WHAT TO WORK ON:
Find how many lines in the material below contain the word "Zunic" and give only that number.

RECORDS SUPPLIED:
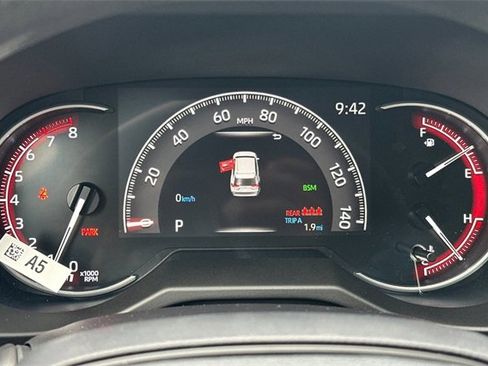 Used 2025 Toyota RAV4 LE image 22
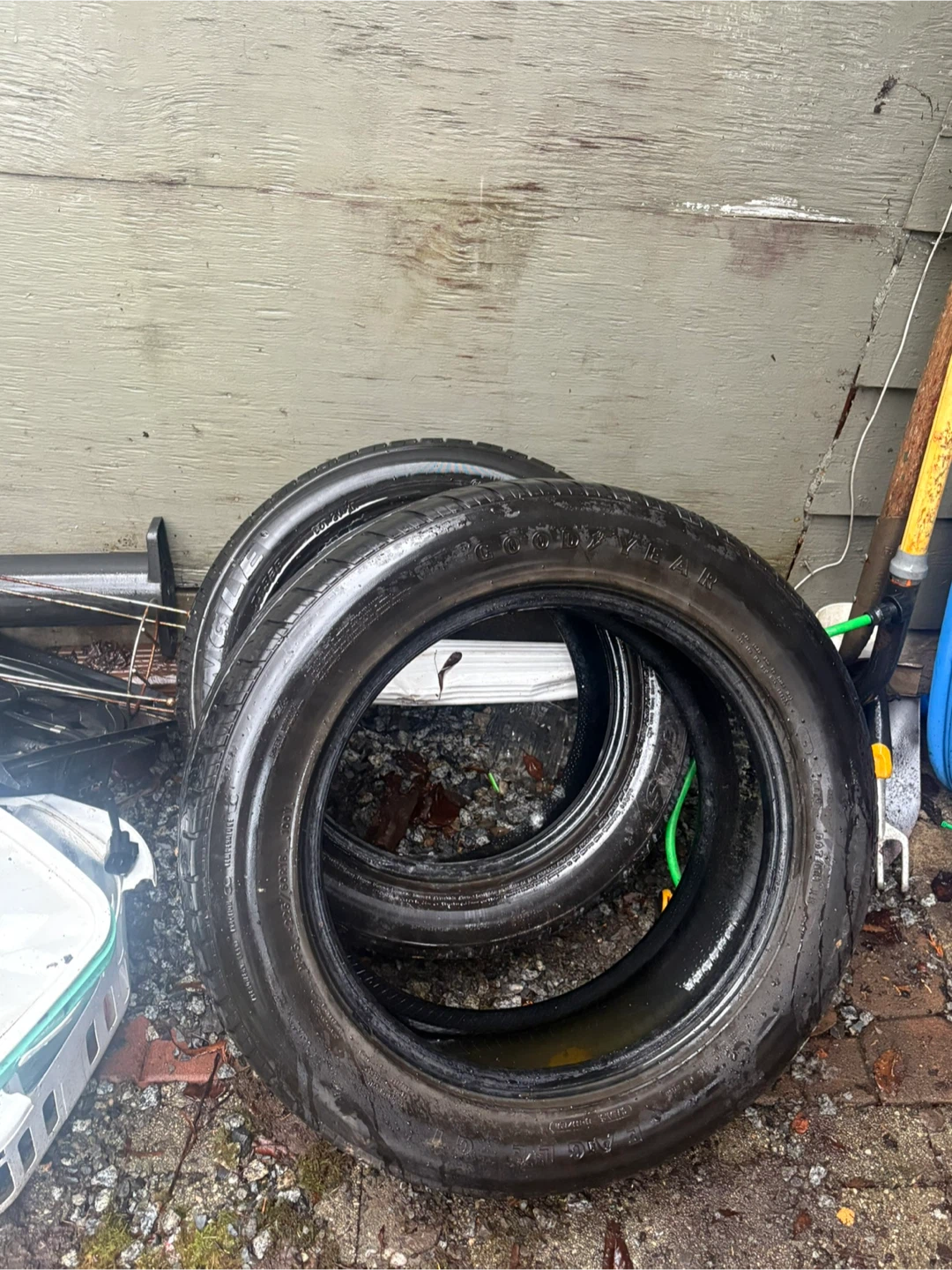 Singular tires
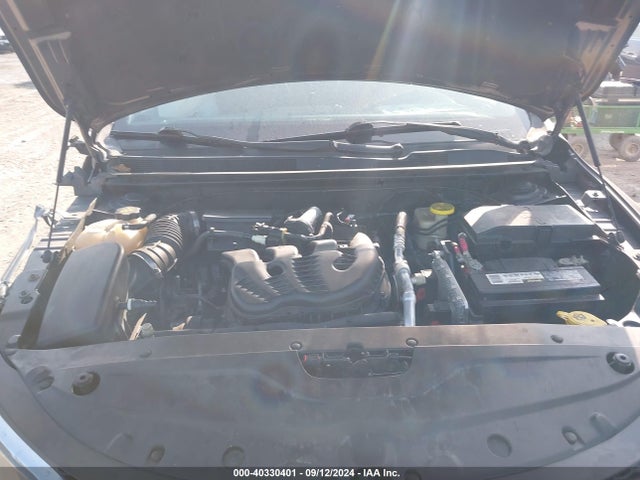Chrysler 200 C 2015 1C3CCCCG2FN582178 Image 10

---

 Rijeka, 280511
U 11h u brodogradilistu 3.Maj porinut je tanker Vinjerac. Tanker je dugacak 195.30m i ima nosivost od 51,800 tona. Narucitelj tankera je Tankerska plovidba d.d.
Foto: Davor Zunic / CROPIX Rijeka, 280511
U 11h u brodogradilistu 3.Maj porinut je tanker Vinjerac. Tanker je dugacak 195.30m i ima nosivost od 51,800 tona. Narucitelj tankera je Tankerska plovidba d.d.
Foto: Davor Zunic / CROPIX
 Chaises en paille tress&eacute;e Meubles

---

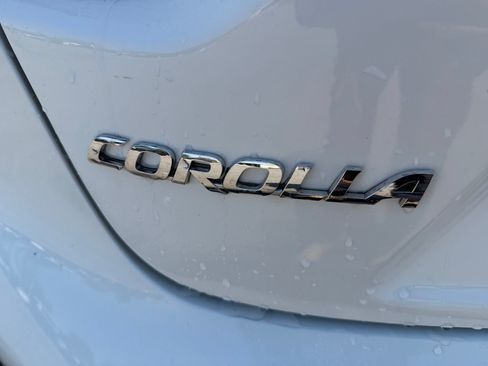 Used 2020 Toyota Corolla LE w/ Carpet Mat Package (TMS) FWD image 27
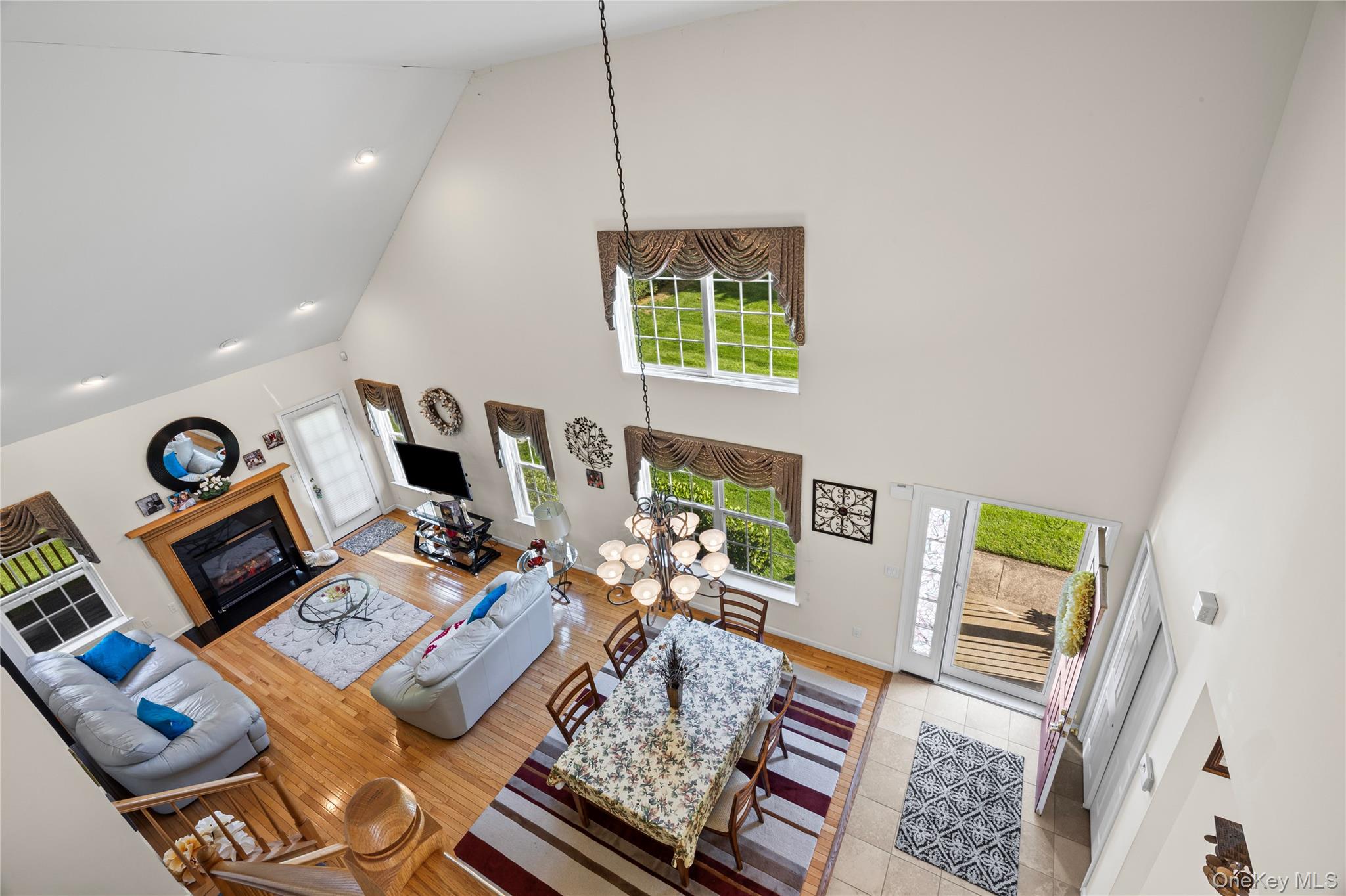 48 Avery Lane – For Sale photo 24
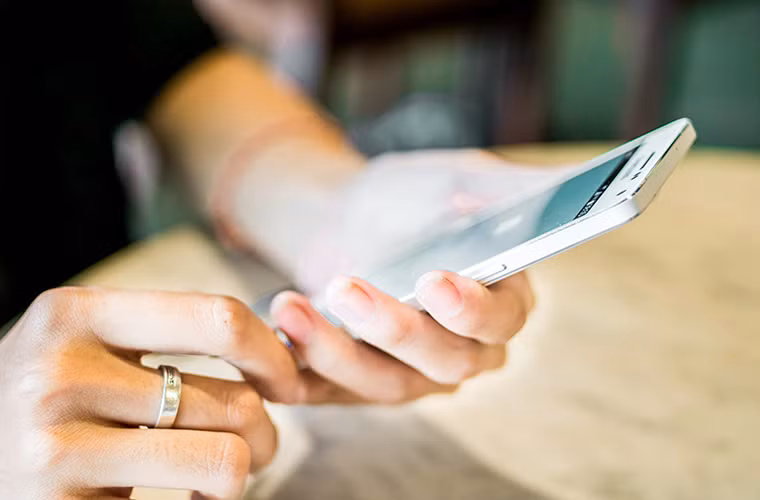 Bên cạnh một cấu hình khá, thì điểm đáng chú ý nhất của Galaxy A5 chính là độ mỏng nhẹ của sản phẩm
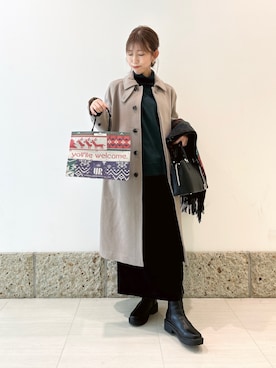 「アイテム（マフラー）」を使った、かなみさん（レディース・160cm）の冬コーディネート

RESPONSE TO THE TASK:
2